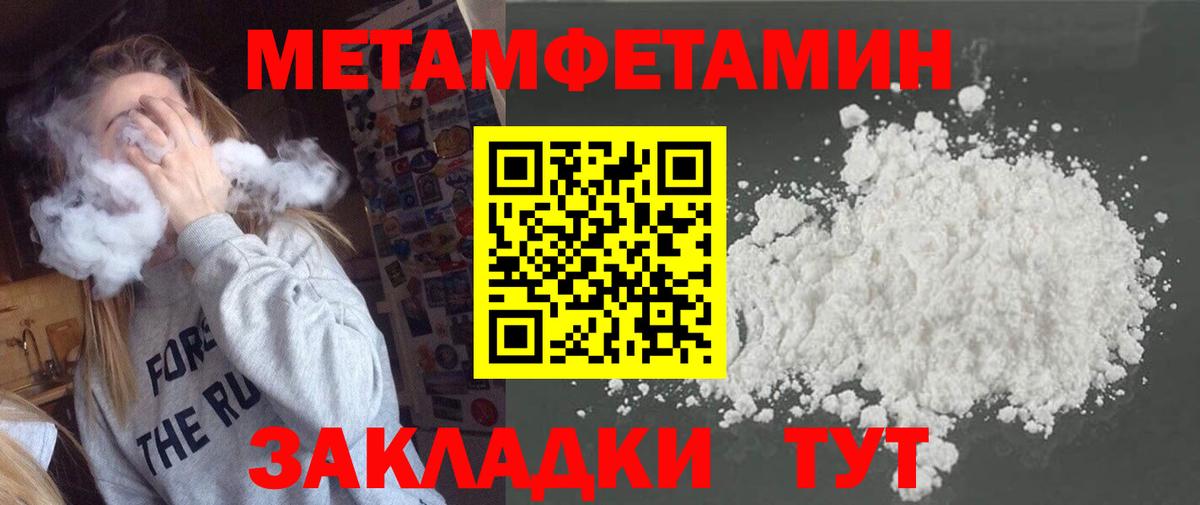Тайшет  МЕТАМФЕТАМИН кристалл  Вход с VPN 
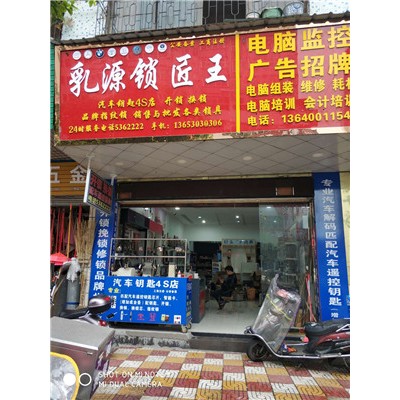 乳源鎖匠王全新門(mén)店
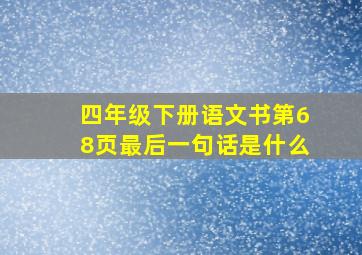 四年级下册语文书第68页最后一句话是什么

==

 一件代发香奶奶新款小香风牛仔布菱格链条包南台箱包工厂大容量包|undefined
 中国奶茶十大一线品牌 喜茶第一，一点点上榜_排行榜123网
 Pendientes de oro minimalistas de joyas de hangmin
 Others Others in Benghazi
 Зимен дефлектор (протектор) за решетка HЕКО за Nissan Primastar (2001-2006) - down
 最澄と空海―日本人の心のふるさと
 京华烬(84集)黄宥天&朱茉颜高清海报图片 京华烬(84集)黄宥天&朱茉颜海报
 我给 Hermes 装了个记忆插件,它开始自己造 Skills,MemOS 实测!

*Task directions:* Given the records above, return exactly the lines starting at the line containing "中国奶茶十大一线品牌 喜茶第一，一点点上榜_排行榜123网" and ending at the line containing "我给 Hermes 装了个记忆插件,它开始自己造 Skills,MemOS 实测!", including both.

*Written answer:*
 中国奶茶十大一线品牌 喜茶第一，一点点上榜_排行榜123网
 Pendientes de oro minimalistas de joyas de hangmin
 Others Others in Benghazi
 Зимен дефлектор (протектор) за решетка HЕКО за Nissan Primastar (2001-2006) - down
 最澄と空海―日本人の心のふるさと
 京华烬(84集)黄宥天&朱茉颜高清海报图片 京华烬(84集)黄宥天&朱茉颜海报
 我给 Hermes 装了个记忆插件,它开始自己造 Skills,MemOS 实测!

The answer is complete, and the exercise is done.